Family has little impact on a woman's decision to seek elected office, according to a Brookings Institution study.
The study's author, Jennifer Lawless, a Brookings senior fellow, cited how the announcement that Chelsea Clinton was pregnant spurred analysis whether it would affect the decision of her mother, Hillary Clinton, to run for president.
"As much fun as it might be for political junkies, pundits, and operatives to wonder whether and how a grandchild will factor into Clinton’s decision calculus, the truth of the matter is that it is highly unlikely to matter," Lawless wrote.
Instead, Lawless said women are significantly less likely than men to receive the suggestion to run for office from a party leader, elected official, or non-elected political activist.

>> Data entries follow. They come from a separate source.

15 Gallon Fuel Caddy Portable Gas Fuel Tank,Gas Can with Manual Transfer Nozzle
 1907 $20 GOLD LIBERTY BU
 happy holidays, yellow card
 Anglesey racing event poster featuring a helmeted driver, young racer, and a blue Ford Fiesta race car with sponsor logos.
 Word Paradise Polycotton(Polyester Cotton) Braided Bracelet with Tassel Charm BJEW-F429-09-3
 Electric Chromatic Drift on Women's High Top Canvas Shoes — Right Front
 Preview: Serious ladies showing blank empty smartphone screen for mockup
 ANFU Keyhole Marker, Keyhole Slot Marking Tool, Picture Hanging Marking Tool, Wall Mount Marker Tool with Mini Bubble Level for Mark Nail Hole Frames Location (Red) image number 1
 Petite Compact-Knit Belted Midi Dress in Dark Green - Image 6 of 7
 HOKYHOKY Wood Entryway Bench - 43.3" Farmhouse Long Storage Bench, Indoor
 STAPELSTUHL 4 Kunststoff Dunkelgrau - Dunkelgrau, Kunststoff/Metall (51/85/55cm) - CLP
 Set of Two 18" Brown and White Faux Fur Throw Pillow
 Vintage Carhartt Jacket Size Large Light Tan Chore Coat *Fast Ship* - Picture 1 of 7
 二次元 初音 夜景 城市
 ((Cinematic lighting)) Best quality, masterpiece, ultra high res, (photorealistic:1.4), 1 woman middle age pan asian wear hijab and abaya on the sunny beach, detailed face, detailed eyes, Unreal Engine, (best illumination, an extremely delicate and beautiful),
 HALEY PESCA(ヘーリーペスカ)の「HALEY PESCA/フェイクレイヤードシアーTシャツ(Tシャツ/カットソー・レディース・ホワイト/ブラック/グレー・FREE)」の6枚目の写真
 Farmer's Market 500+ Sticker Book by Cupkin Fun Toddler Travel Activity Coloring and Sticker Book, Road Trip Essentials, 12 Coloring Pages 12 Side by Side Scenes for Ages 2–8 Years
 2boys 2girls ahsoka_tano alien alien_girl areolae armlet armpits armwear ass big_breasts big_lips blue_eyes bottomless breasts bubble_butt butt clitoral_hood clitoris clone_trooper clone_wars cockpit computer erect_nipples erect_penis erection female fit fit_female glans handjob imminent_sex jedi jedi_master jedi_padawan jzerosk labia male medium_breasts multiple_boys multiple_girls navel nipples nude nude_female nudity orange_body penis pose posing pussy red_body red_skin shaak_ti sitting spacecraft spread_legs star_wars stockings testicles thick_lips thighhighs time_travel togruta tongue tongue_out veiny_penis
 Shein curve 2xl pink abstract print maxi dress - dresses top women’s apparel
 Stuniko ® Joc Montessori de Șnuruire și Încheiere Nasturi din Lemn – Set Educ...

For example, 49 percent of the men in the sample report had someone suggest they run for office, compared to 39 percent of the women.
If Republicans are to elect more women to national office, the party needs to do more to ensure those candidates can overcome the challenge of making it through the primary process, Debbie Walsh, director of the Center for American Women in Politics at Rutgers University, told Time magazine
"Women’s representation is very lopsided on the Democratic side and the Republican Party has to do more if they want to see more women elected to office. They need to go out — the party itself, the state parties — need to make primaries a priority. The numbers of Republican women that are running, it’s not the numbers you need to see an increase in representation at congressional level," Walsh told the magazine.
Brookings' Lawless does not discount that family responsibilities are one of the many factors impacting the decision to enter the political fray, but, she writes, "it is also important to recognize that the perpetuation of traditional family arrangements can affect women’s career choices before they enter the candidate eligibility pool."